* Exercise goal
Retype every entry precisely and keep each line whole.

* Records supplied

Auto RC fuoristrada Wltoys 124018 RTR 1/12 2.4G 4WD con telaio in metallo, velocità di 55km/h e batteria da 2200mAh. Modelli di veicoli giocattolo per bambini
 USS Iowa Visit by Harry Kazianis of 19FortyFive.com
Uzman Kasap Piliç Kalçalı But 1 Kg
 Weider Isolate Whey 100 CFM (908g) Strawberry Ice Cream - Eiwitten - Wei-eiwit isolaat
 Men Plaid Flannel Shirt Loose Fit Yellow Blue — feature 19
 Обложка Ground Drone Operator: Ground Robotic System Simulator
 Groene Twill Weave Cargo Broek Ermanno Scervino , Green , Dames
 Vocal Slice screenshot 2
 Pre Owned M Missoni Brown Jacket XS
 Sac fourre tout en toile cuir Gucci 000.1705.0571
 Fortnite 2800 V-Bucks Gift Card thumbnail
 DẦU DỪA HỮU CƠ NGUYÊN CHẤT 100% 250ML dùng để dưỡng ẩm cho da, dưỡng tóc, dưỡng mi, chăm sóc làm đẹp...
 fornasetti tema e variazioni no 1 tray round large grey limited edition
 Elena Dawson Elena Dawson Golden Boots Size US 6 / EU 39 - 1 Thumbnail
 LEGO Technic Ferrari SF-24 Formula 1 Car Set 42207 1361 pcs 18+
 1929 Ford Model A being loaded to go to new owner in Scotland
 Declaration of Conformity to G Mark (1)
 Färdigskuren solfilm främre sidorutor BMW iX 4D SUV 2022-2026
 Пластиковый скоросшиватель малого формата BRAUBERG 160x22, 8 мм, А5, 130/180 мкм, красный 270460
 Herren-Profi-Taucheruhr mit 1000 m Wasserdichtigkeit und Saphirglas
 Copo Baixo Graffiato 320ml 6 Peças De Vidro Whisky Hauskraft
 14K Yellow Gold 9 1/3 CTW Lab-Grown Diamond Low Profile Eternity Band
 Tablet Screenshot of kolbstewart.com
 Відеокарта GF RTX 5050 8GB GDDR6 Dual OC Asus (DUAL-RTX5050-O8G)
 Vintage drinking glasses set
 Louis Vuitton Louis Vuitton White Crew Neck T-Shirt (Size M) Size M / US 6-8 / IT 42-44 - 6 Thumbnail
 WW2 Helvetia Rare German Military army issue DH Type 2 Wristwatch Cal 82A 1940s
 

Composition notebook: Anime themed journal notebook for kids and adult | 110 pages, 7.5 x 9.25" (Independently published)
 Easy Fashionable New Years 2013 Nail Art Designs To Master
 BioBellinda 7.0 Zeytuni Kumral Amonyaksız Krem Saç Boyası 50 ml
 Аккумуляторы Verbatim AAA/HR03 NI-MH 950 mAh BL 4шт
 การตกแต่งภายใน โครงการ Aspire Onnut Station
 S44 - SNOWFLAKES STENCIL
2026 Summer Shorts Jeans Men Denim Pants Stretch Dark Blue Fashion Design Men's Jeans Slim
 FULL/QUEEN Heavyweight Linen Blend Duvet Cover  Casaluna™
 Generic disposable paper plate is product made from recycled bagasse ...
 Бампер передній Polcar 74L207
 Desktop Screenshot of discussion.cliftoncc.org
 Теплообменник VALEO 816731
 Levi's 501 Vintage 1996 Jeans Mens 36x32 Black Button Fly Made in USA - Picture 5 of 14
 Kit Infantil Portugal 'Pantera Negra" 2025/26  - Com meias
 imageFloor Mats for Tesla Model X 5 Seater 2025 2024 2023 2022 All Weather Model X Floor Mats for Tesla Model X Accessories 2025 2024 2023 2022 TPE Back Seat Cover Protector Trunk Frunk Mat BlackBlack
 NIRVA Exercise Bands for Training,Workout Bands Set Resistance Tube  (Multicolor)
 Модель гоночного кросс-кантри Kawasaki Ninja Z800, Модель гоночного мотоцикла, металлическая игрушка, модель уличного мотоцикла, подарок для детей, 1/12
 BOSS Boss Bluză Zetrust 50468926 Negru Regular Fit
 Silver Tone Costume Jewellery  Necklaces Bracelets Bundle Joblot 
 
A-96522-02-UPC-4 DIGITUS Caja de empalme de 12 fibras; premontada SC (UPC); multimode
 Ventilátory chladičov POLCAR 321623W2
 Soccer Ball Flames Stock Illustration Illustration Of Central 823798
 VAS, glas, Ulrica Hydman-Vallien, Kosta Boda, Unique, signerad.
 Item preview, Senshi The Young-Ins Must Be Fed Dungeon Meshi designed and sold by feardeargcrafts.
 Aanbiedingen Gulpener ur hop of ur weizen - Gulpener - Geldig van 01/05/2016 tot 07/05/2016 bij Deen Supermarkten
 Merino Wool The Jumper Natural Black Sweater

* Expected answer
Auto RC fuoristrada Wltoys 124018 RTR 1/12 2.4G 4WD con telaio in metallo, velocità di 55km/h e batteria da 2200mAh. Modelli di veicoli giocattolo per bambini
 USS Iowa Visit by Harry Kazianis of 19FortyFive.com
Uzman Kasap Piliç Kalçalı But 1 Kg
 Weider Isolate Whey 100 CFM (908g) Strawberry Ice Cream - Eiwitten - Wei-eiwit isolaat
 Men Plaid Flannel Shirt Loose Fit Yellow Blue — feature 19
 Обложка Ground Drone Operator: Ground Robotic System Simulator
 Groene Twill Weave Cargo Broek Ermanno Scervino , Green , Dames
 Vocal Slice screenshot 2
 Pre Owned M Missoni Brown Jacket XS
 Sac fourre tout en toile cuir Gucci 000.1705.0571
 Fortnite 2800 V-Bucks Gift Card thumbnail
 DẦU DỪA HỮU CƠ NGUYÊN CHẤT 100% 250ML dùng để dưỡng ẩm cho da, dưỡng tóc, dưỡng mi, chăm sóc làm đẹp...
 fornasetti tema e variazioni no 1 tray round large grey limited edition
 Elena Dawson Elena Dawson Golden Boots Size US 6 / EU 39 - 1 Thumbnail
 LEGO Technic Ferrari SF-24 Formula 1 Car Set 42207 1361 pcs 18+
 1929 Ford Model A being loaded to go to new owner in Scotland
 Declaration of Conformity to G Mark (1)
 Färdigskuren solfilm främre sidorutor BMW iX 4D SUV 2022-2026
 Пластиковый скоросшиватель малого формата BRAUBERG 160x22, 8 мм, А5, 130/180 мкм, красный 270460
 Herren-Profi-Taucheruhr mit 1000 m Wasserdichtigkeit und Saphirglas
 Copo Baixo Graffiato 320ml 6 Peças De Vidro Whisky Hauskraft
 14K Yellow Gold 9 1/3 CTW Lab-Grown Diamond Low Profile Eternity Band
 Tablet Screenshot of kolbstewart.com
 Відеокарта GF RTX 5050 8GB GDDR6 Dual OC Asus (DUAL-RTX5050-O8G)
 Vintage drinking glasses set
 Louis Vuitton Louis Vuitton White Crew Neck T-Shirt (Size M) Size M / US 6-8 / IT 42-44 - 6 Thumbnail
 WW2 Helvetia Rare German Military army issue DH Type 2 Wristwatch Cal 82A 1940s
 

Composition notebook: Anime themed journal notebook for kids and adult | 110 pages, 7.5 x 9.25" (Independently published)
 Easy Fashionable New Years 2013 Nail Art Designs To Master
 BioBellinda 7.0 Zeytuni Kumral Amonyaksız Krem Saç Boyası 50 ml
 Аккумуляторы Verbatim AAA/HR03 NI-MH 950 mAh BL 4шт
 การตกแต่งภายใน โครงการ Aspire Onnut Station
 S44 - SNOWFLAKES STENCIL
2026 Summer Shorts Jeans Men Denim Pants Stretch Dark Blue Fashion Design Men's Jeans Slim
 FULL/QUEEN Heavyweight Linen Blend Duvet Cover  Casaluna™
 Generic disposable paper plate is product made from recycled bagasse ...
 Бампер передній Polcar 74L207
 Desktop Screenshot of discussion.cliftoncc.org
 Теплообменник VALEO 816731
 Levi's 501 Vintage 1996 Jeans Mens 36x32 Black Button Fly Made in USA - Picture 5 of 14
 Kit Infantil Portugal 'Pantera Negra" 2025/26  - Com meias
 imageFloor Mats for Tesla Model X 5 Seater 2025 2024 2023 2022 All Weather Model X Floor Mats for Tesla Model X Accessories 2025 2024 2023 2022 TPE Back Seat Cover Protector Trunk Frunk Mat BlackBlack
 NIRVA Exercise Bands for Training,Workout Bands Set Resistance Tube  (Multicolor)
 Модель гоночного кросс-кантри Kawasaki Ninja Z800, Модель гоночного мотоцикла, металлическая игрушка, модель уличного мотоцикла, подарок для детей, 1/12
 BOSS Boss Bluză Zetrust 50468926 Negru Regular Fit
 Silver Tone Costume Jewellery  Necklaces Bracelets Bundle Joblot 
 
A-96522-02-UPC-4 DIGITUS Caja de empalme de 12 fibras; premontada SC (UPC); multimode
 Ventilátory chladičov POLCAR 321623W2
 Soccer Ball Flames Stock Illustration Illustration Of Central 823798
 VAS, glas, Ulrica Hydman-Vallien, Kosta Boda, Unique, signerad.
 Item preview, Senshi The Young-Ins Must Be Fed Dungeon Meshi designed and sold by feardeargcrafts.
 Aanbiedingen Gulpener ur hop of ur weizen - Gulpener - Geldig van 01/05/2016 tot 07/05/2016 bij Deen Supermarkten
 Merino Wool The Jumper Natural Black Sweater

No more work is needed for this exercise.